(Brief descriptive captions)
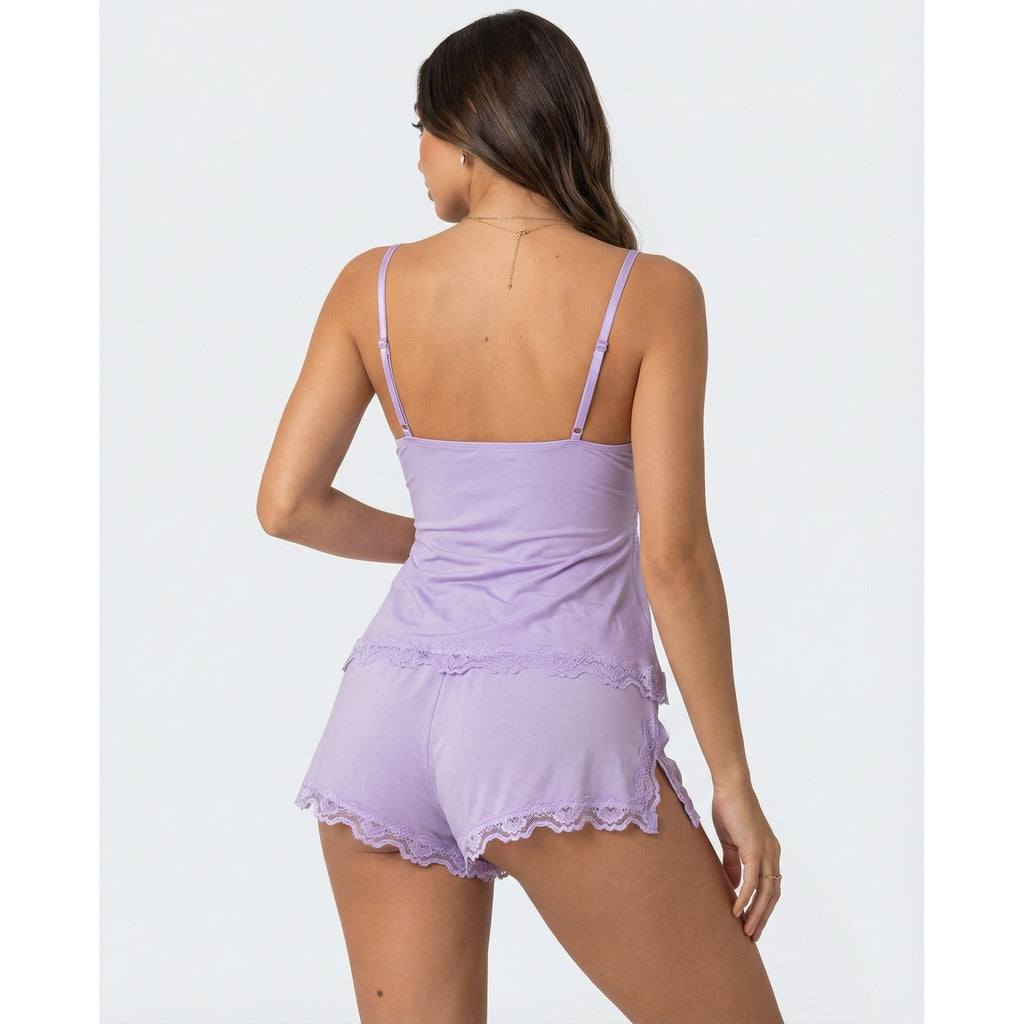 Women's Cami Pajama Set with Lace Trim and Matching Shorts - Image 14
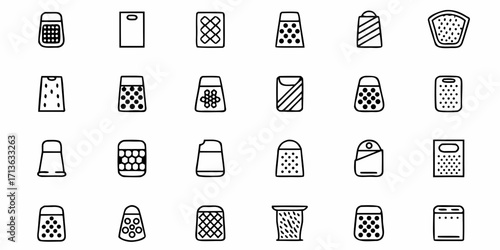 Collection of twenty four black outline icons of various cheese graters and cutting boards on white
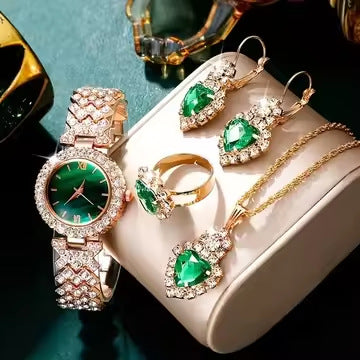 Colorful Crystal Quartz Watch Set ⭐4.8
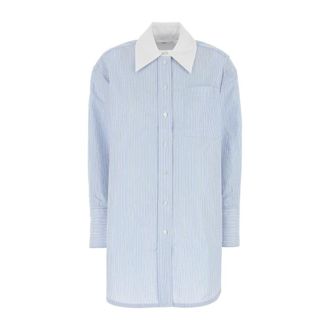 Co Geborduurde Oversized Poplin Shirt - Dames - Overhemden - Blauw - S - Overhemden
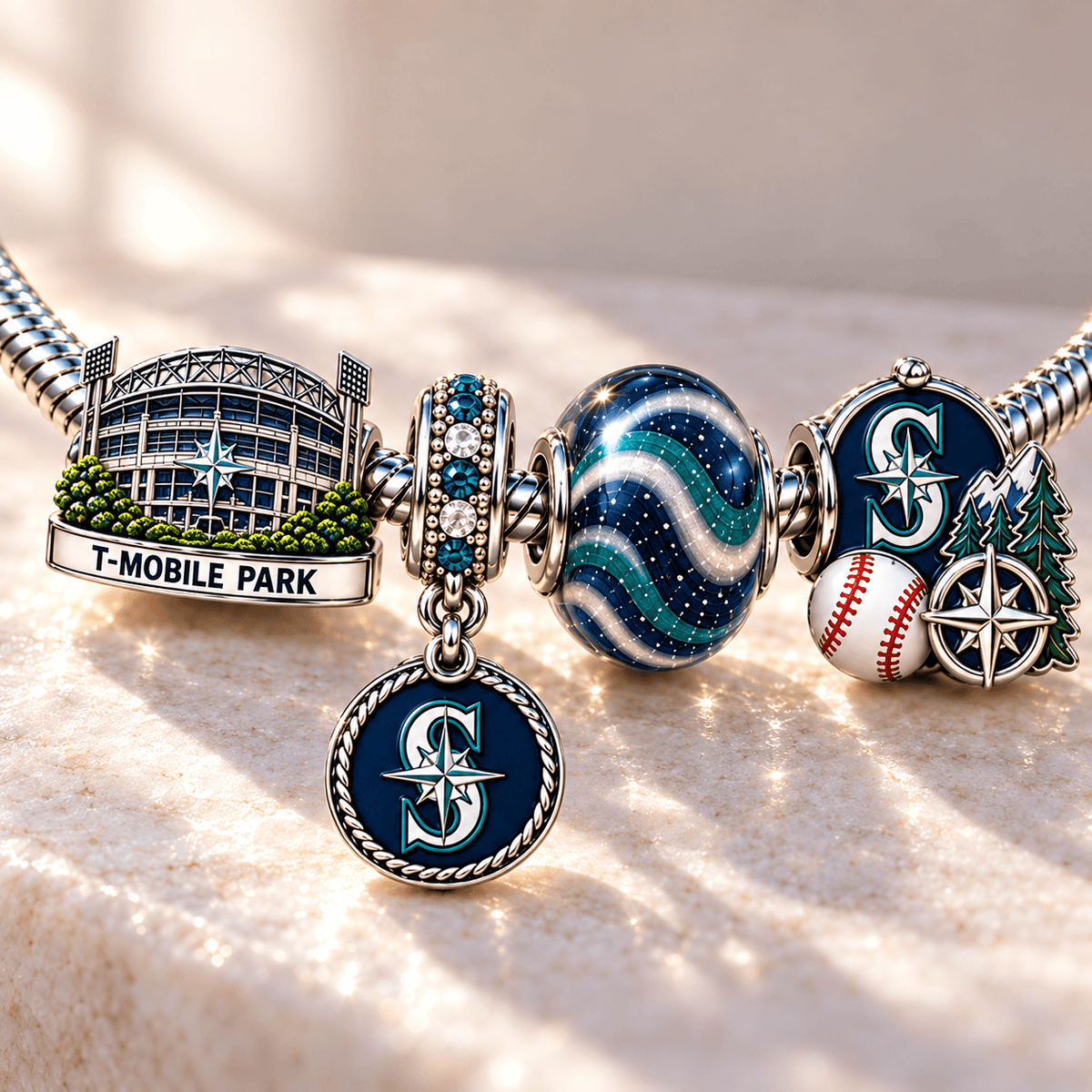 STMR Silver Charm Bracelet Set NHVH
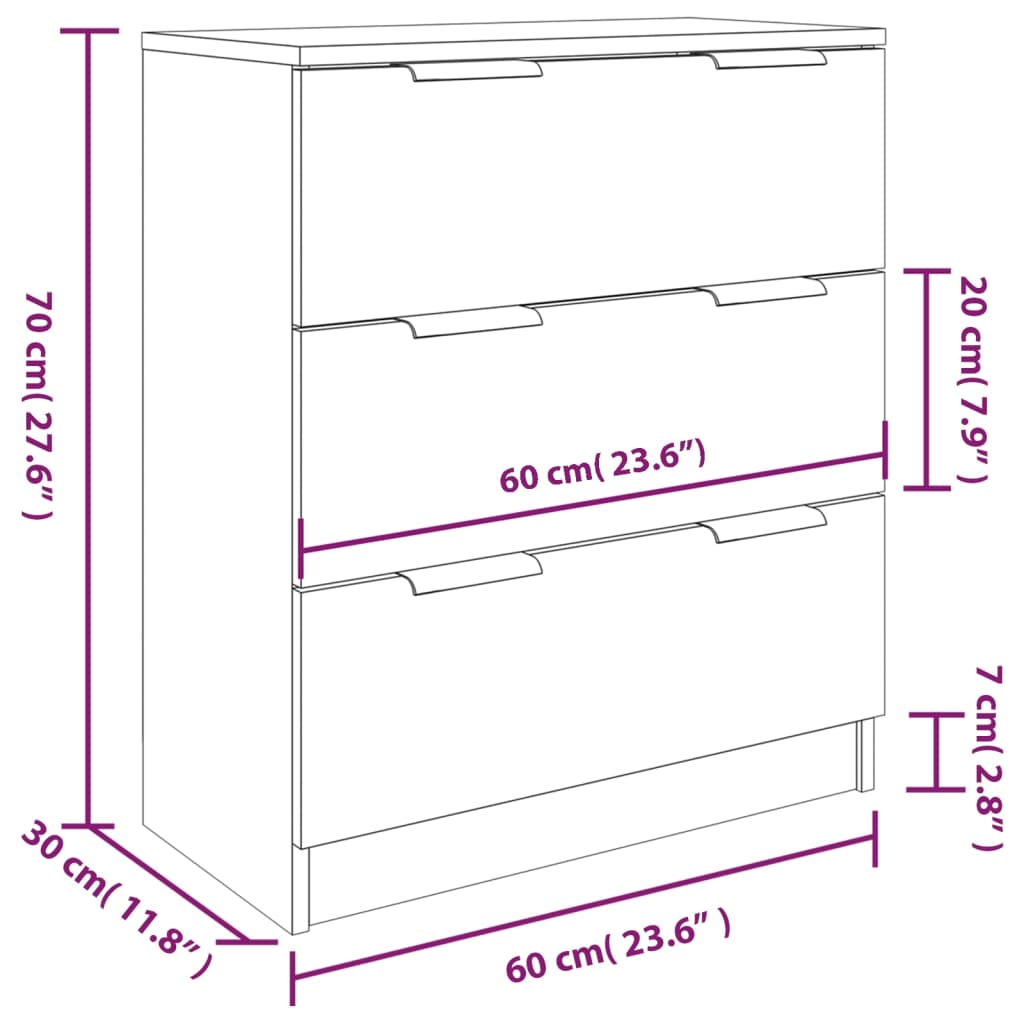 Credenze 3 pz Nere in Legno Multistrato 3115797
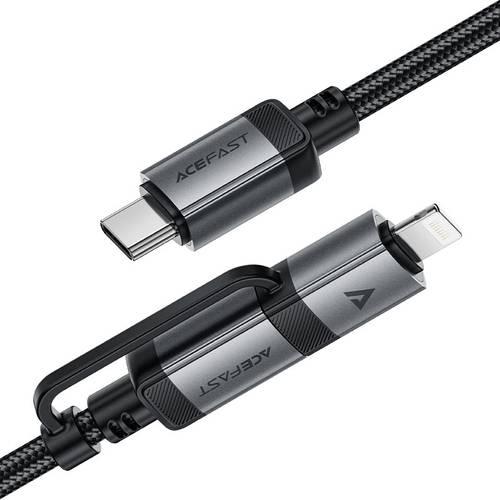 كيبل شحن وبيانات ACEFAST C20-01 USB-C إلى USB-C و Lightning بقوة 60W بهيكل ألمنيوم مضفر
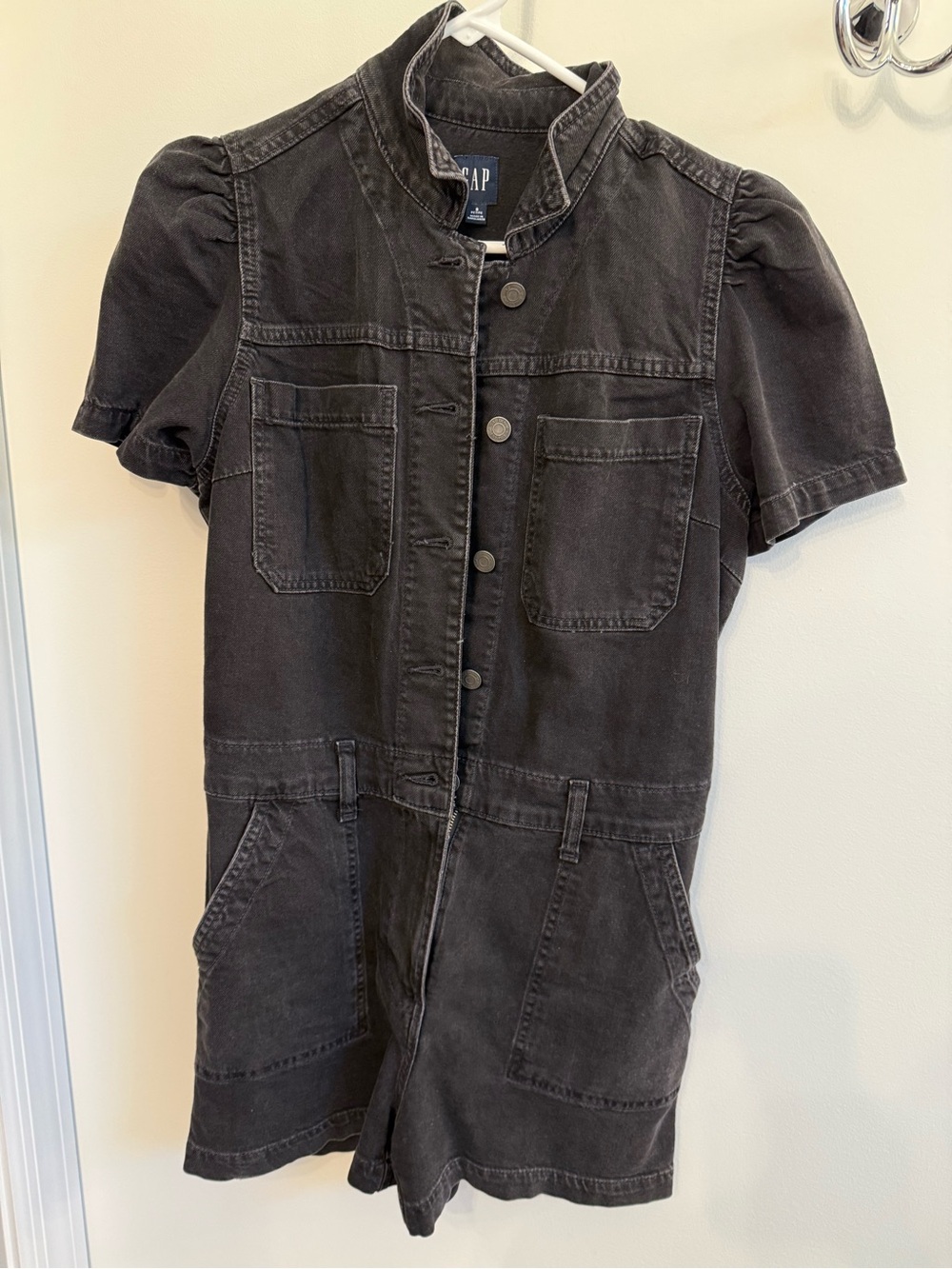 GAP Black Denim Short Sleeve Romper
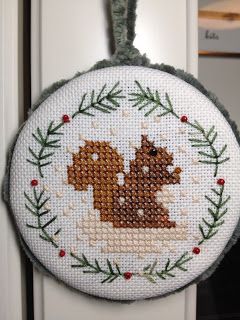 For the Love of Cross Stitch: Winter Squirrel Cross Stitch Squirrel Pattern, Squirrel Cross Stitch, Winter Squirrel, Cross Stitch Winter, Pumpkin Cross Stitch, Santa Cross Stitch, Fall Cross Stitch, Embroidered Photo, Crafty Christmas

• _AIM OF THE EXERCISE_
Every line from the one that holds "Credenze 3 pz" to the last line of the records above goes into the answer, exactly as written; nothing else does, and no picture does either.

• _EXERCISE RESULT_
 Credenze 3 pz Nere in Legno Multistrato 3115797
 كيبل شحن وبيانات ACEFAST C20-01 USB-C إلى USB-C و Lightning بقوة 60W بهيكل ألمنيوم مضفر
 GAP Black Denim Short Sleeve Romper
 For the Love of Cross Stitch: Winter Squirrel Cross Stitch Squirrel Pattern, Squirrel Cross Stitch, Winter Squirrel, Cross Stitch Winter, Pumpkin Cross Stitch, Santa Cross Stitch, Fall Cross Stitch, Embroidered Photo, Crafty Christmas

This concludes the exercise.